Qui diable est exactement le comte de Lanty ? D’où est originaire sa famille, d’où lui vient sa prodigieuse fortune ? Et qui est ce vieillard décharné, sorte de squelette pathétique au visage fardé portant bijoux et perruque blonde qui, à chaque solstice, s’invite à l’une des fastueuses réceptions données par le comte dans son hôtel particulier ? Il se murmure qu’il serait la tête génoise des Lanty, en d’autres termes le riche bienfaiteur de la famille. Une complicité particulière semble en tout cas le lier à Mariannina, la fille du comte, dont la voix magnifique enchante le Tout-Paris qui assiste en cette nuit d’hiver au bal somptueux donné par son père.
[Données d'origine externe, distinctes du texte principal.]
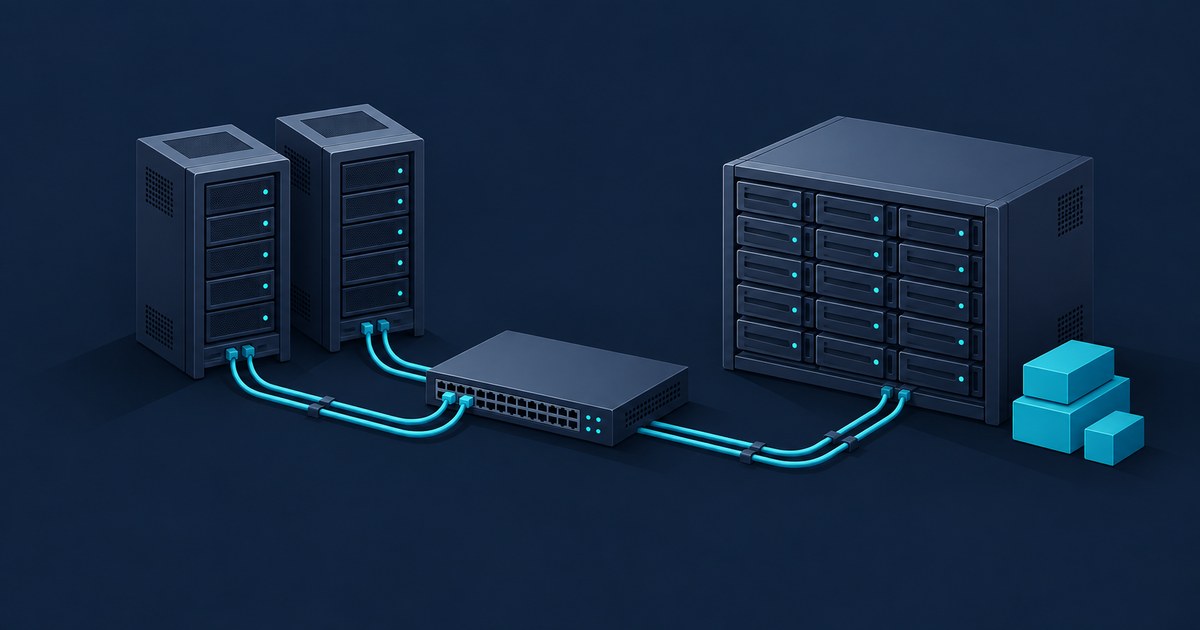 Two server towers and a disk array connect through a network switch with glowing cyan cables in a dark blue 3D SAN scene.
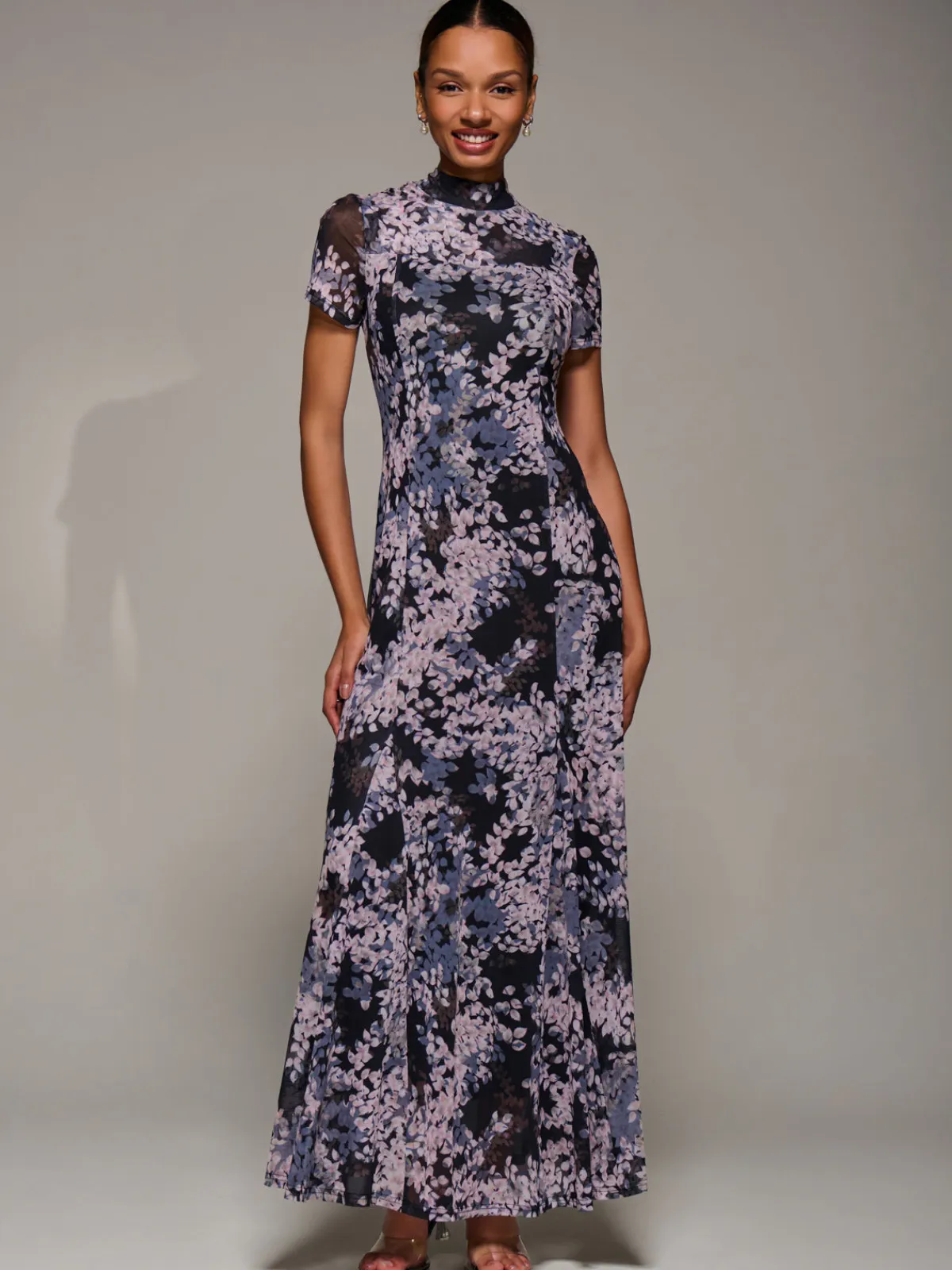 Jolie Moi Occasion Dresses|Floral Dresses-Turtle Neckline Mesh Maxi Dress, Black Abstract
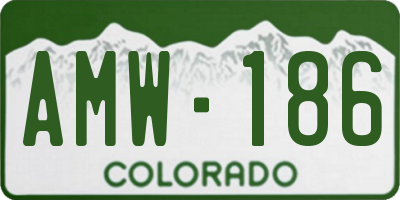 CO license plate AMW186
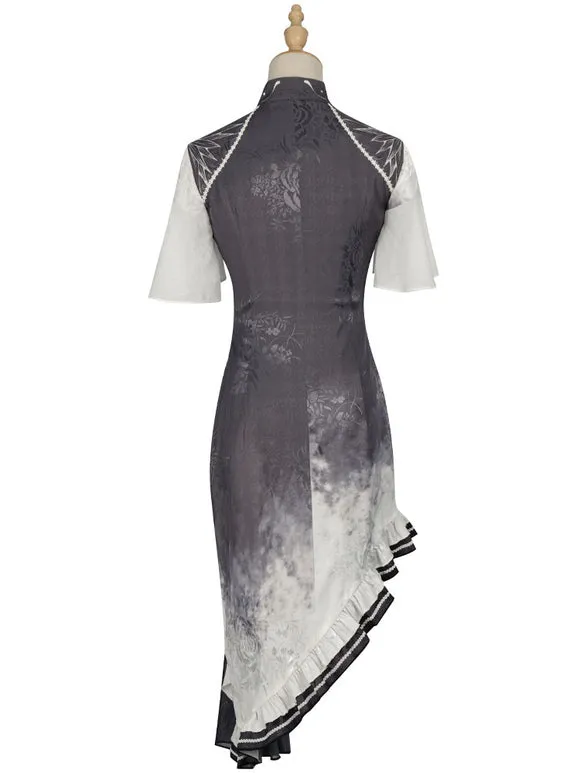 Chinese Style Lolita Gray Short Sleeves Ruffles Polyester Lolita One Piece Dress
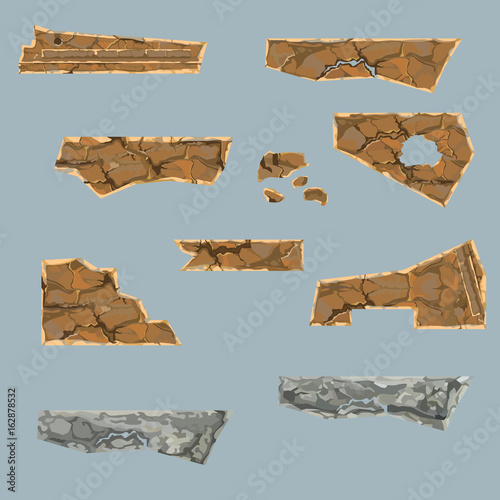 painted set of various dilapidated stone parts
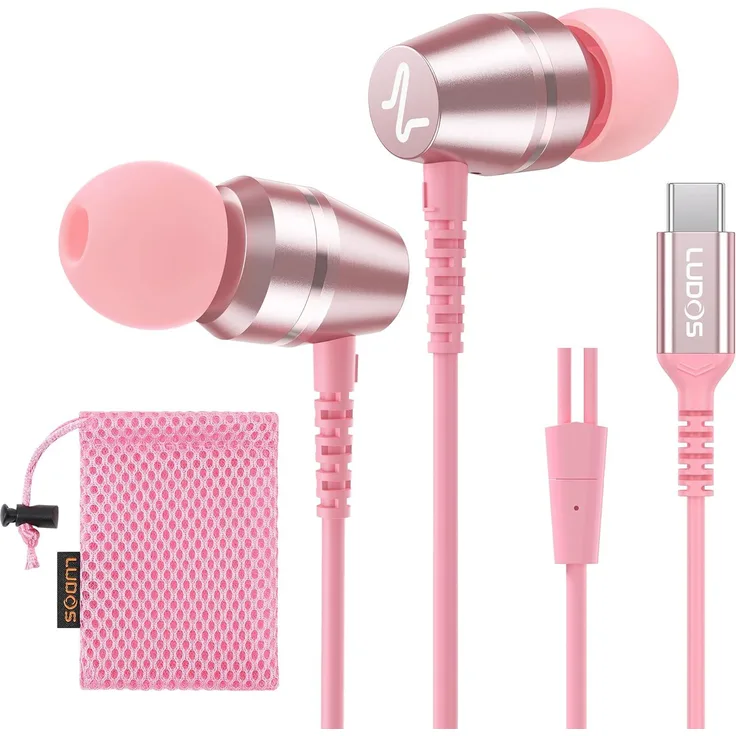 Ludos QXQ USB-C In-Ear Kopfhörer mit Mikrofon, Bluetooth 5.4, Noise Cancelling, 40 Stunden Akkulaufzeit, ergonomisches Design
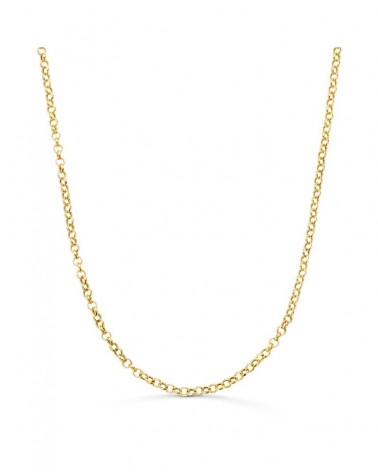 Cadena oro 18k amarillo rolo hueca 45cm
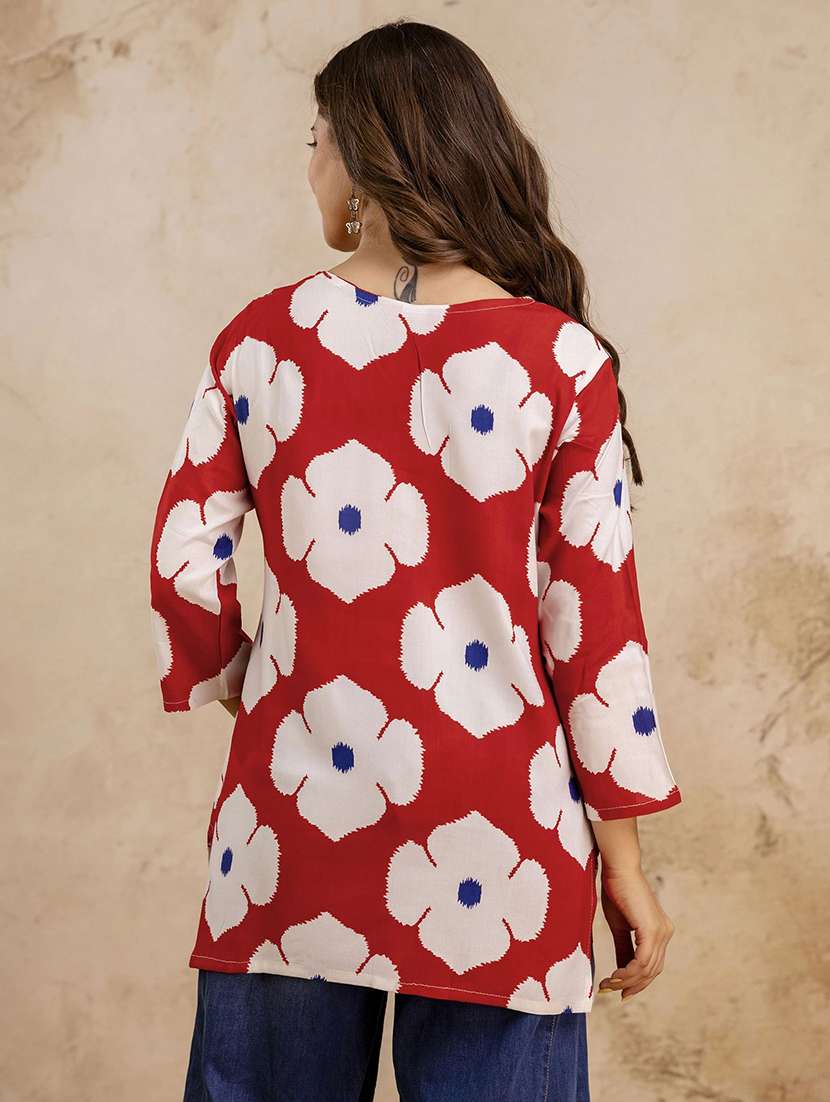 women printed three quarter sleeve straight kurti - 22527866 -  Standard Image - 3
Dans ce microcosme mondain propice aux rumeurs et aux supputations, les langues vont bon train. Il ne viendrait évidemment à l’idée de personne de snober un hôte aussi prodigue que le comte, dont la fortune colossale semble inépuisable - sous la monarchie de Juillet, il va de soi l’argent peut avantageusement remplacer les quartiers de noblesse - mais tout de même, chacun voudrait savoir.
On l’aura compris, dans cette société qui raffole des mystères et des commérages, détenir un secret vaut de l’or. Il se fait que justement le narrateur sait parfaitement qui est ce hideux vieillard et quels sont ses liens avec la famille de Lanty. Et son secret, il s’apprête à le divulguer à sa jolie cavalière, Beatrix de Rochefide, que ce mort-vivant qui "sent le cimetière" fascine et effraie tout à la fois. C'est donc pour lui raconter toute l'histoire qu'il se rend le lendemain à la demeure de la belle, avec le secret espoir d’en achever la conquête.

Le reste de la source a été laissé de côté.